__To do__
Every line of the data below should be repeated exactly, and no picture should be copied.

-------

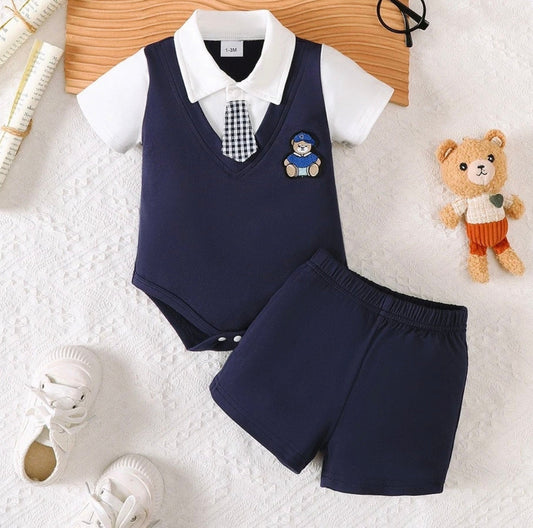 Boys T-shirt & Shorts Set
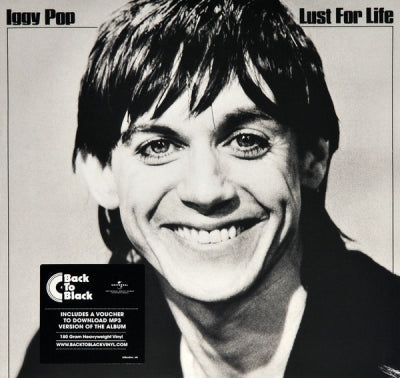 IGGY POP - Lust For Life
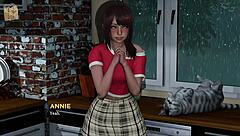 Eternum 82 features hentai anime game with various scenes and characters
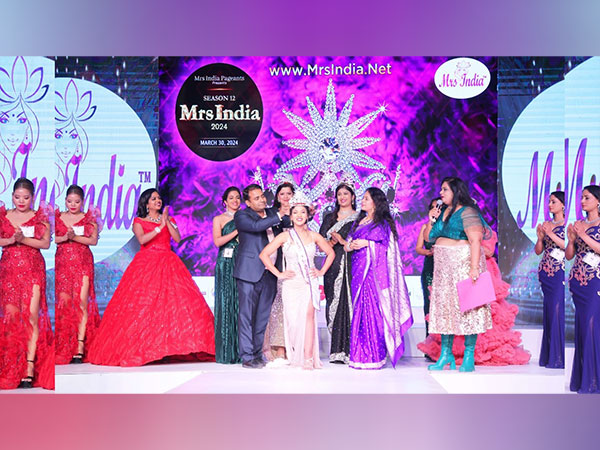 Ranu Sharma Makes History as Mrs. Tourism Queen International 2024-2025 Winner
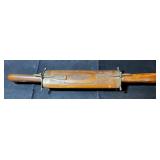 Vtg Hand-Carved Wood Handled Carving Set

-------

__Worked solution__
 Boys T-shirt & Shorts Set
 IGGY POP - Lust For Life
 Eternum 82 features hentai anime game with various scenes and characters
 Ranu Sharma Makes History as Mrs. Tourism Queen International 2024-2025 Winner
 Vtg Hand-Carved Wood Handled Carving Set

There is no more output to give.